É das mais originais, estranhas e belas poesias que já li. Não se parece com nada, ao contrário de muitos poetas de hoje, ostentando um modernismo que se vai imitando a si mesmo, nas várias vozes, a ponto de já não se saber, mas por vezes se suspeitar, onde começou o ovo.

Diz o editor que o livro é pequeno, e ainda bem que o é, pois é tão rico, denso, intenso e profundo, que nos sacia. Fruto cheio de sumo a escorrer.

Não contém metáforas banais, e muito menos as pretensamente anti-banais da moda com sabor a déjá-vu. A estranheza é mesmo estranha e não se entranha à primeira. É uma poesia exigente com o leitor.

Também a pontuação desarruma o cânone. Por exemplo, a vírgula, liberta do lugar marcado pelo prontuário, salta, rebelde, para o outro lado que a gramática proíbe.

Pelo uso não normativo da língua, o poeta cria como se tivesse um prontuário próprio, oculto.

Quanto à estrutura das palavras, dobra consoantes, maiusculiza letras, secciona as palavras à medida da sua necessidade de sentido e gosto, como é o caso de «a bem soado», assim transformando o gesto em som, o que não deixa de fazer sentido.

Não será por acaso que um dos poemas do final se chame "Pequena História da Língua", pois o livro inteiro contém vários passos em vários tempos, do passado ao futuro. Pelo meio da música, que não sendo obsessiva, cria momentos de ritmo e embalo e a música irrompe canónica em rima:

    «Partilho o pão da ausência. Agora sei

    Melhor que não há dor, que a morte é um parto

    E o corpo uma lição de amor. [...]»
Voltando a olhar as letras e as palavras com a atenção e a luz de que falam Huxley, Platão e agora António Telmo na sua Gramática Secreta da Língua Portuguesa: «As letras, enquanto formas gráficas do som da voz, não são tais como se apresentam por simples convenção ou até por inércia da tradição[...]»

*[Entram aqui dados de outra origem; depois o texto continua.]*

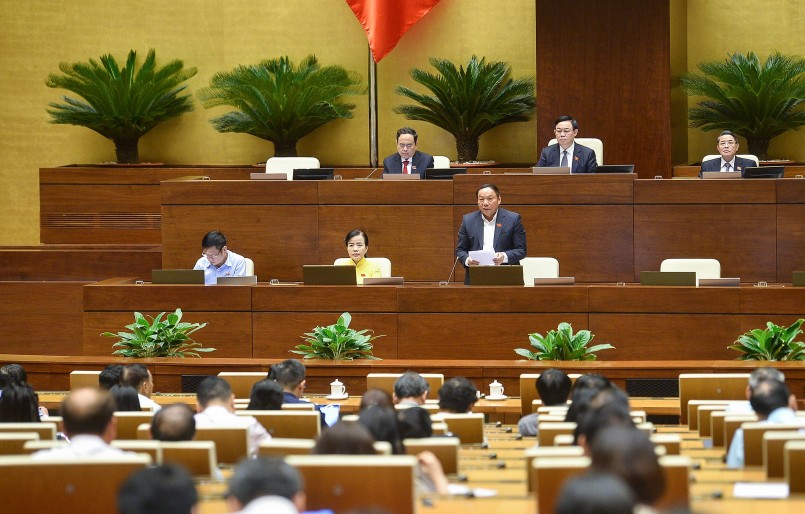 : Bộ trưởng Bộ Văn hóa, Thể thao và Du lịch Nguyễn Văn Hùng phát biểu giải trình đối với những vấn đề đại biểu quan tâm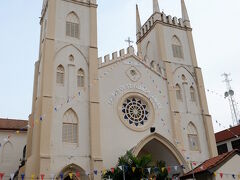 セント･フランシス･ザビエル教会　
St. Francis Xavier's Church


世界遺産の看板の向かいにある壮麗なカトリック教会。日本へ向かう前にマラッカを拠点にしていたザビエル師を讃えて1849年に建てられたものです。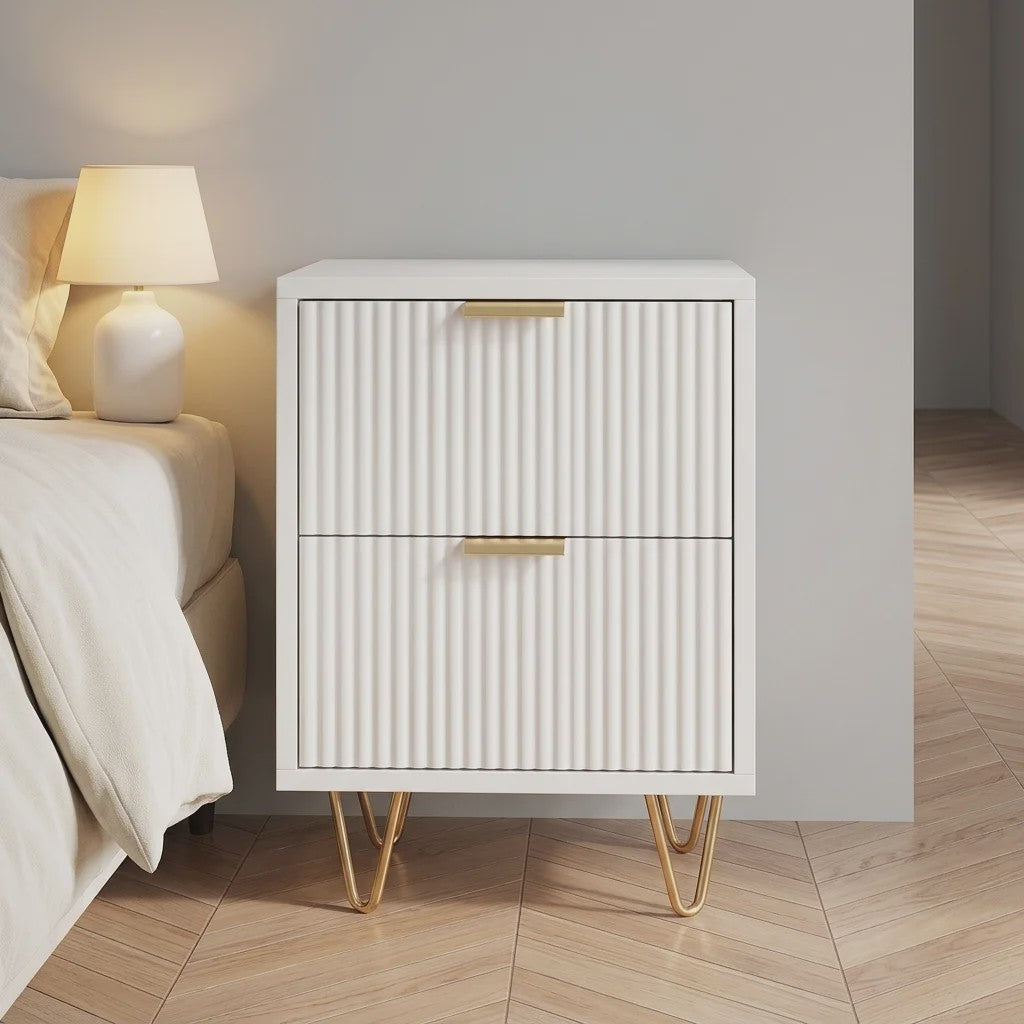 Moderne Witte Nachtkastje met 2 Lades en Gouden Poten - Scandinavisch Design
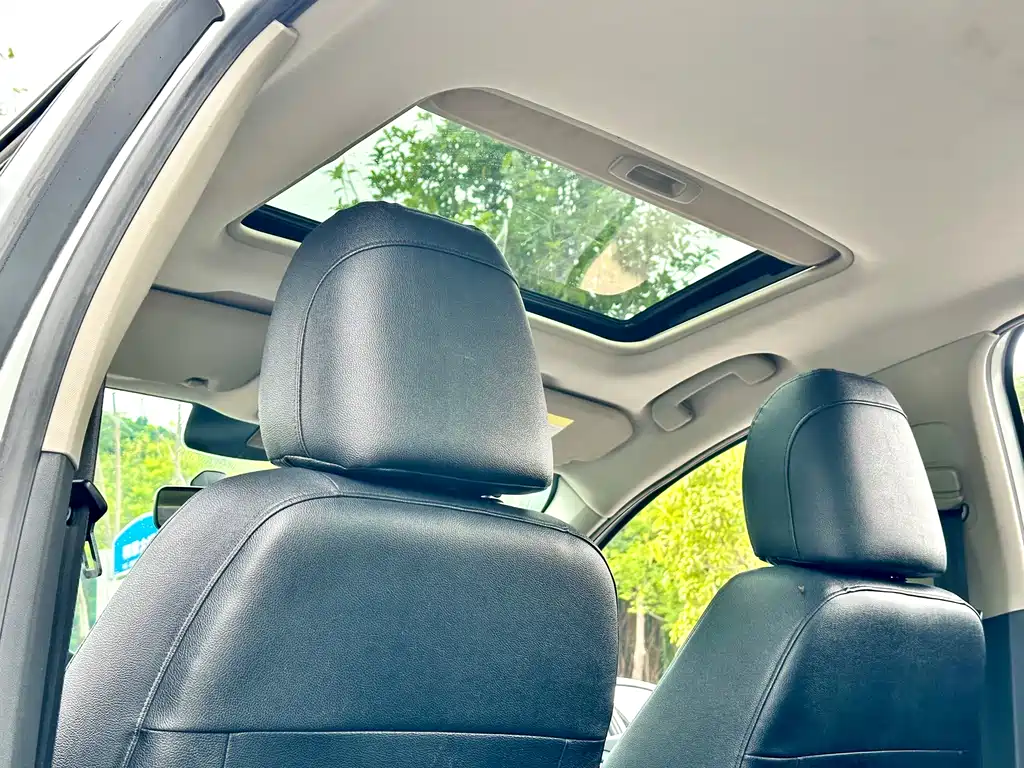 Citroen C4L 2015 — фото 28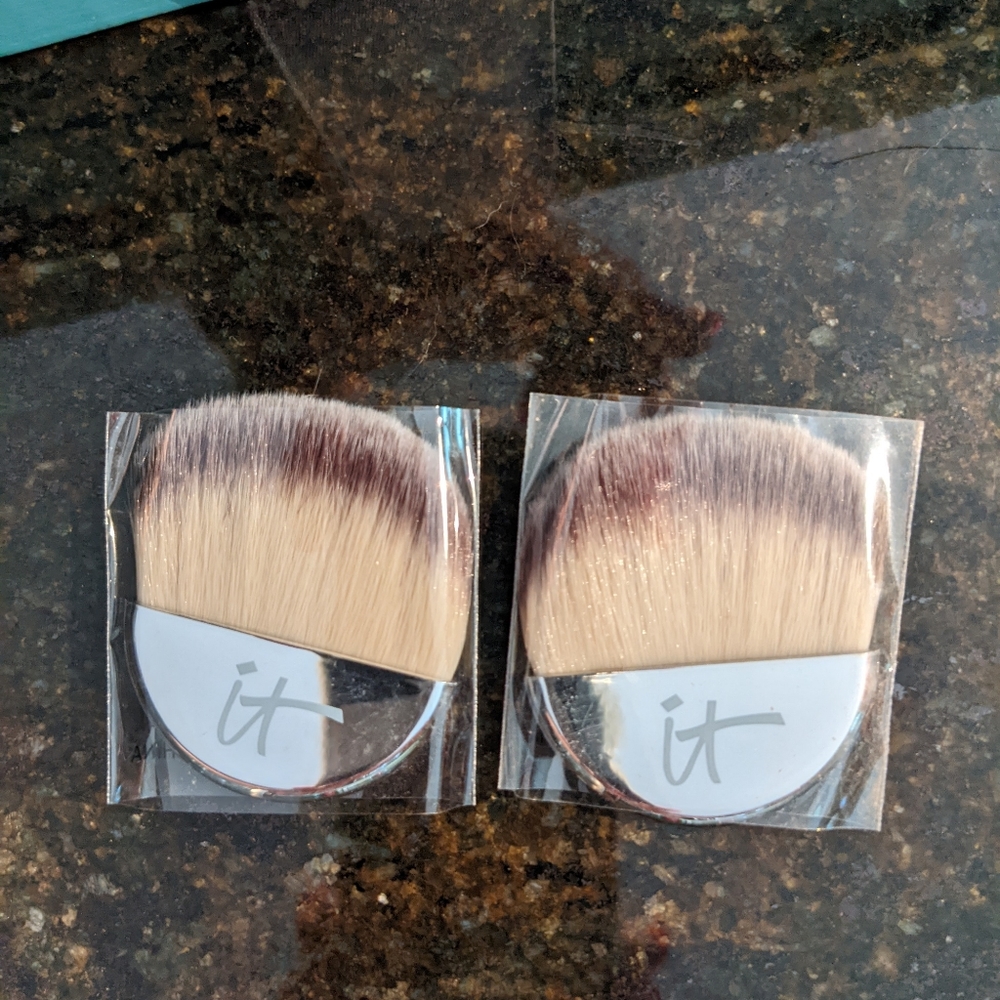 NWOT makeup brushes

E mais à frente refere «a existência de uma linguagem escrita independente da linguagem oral, embora a ela ligada por uma misteriosa correspondência interior.»

Apresenta as letras como «linhas que medem a terra».

Neste sentido, e não alienando a origem musical da nossa poética, há que olhar para estes poemas como poesia visual, geometria no espaço, isto é, como tendo uma dimensão quase geográfica, para além da sonora. Por isso, entreguei-me a um exercício ou jogo, como queira o leitor chamar-lhe, em que pegando aleatoriamente em palavras que neste livro se apresentam ao contrário do cânone, criei uma espécie de poema. Oficina ou brincadeira poética.

É o caso, por exemplo, de «sinnos», que dobram a consoante "n" como que a deixar reverberar, nasalada e internamente o som; «a palavra «soave» que trocando o "u" pelo "o" torna a suavidade sonora; «orizonte», que perdeu o "h", talvez para não se interpor, pela sua altura, com aquilo que a palavra designa; e ainda «falla», que dobrando o "l" reproduz o emissor e o interlocutor olhando-se e escutando-se em espelho, para que a surdez não impere, com o auxílio da letra e do olhar. Uma espécie de arte de ver:

Poesia Visual

      Beiraeva alllumeava sonhosa noite; soave(s)* sinnos calavam
      -Se
      .Rey mamtém creança
      AbSoluta
      (no) orizonte (da)
      ;distância
      (um ao outro)
      Falla.
*As palavras entre parênteses são “intromissão” minha.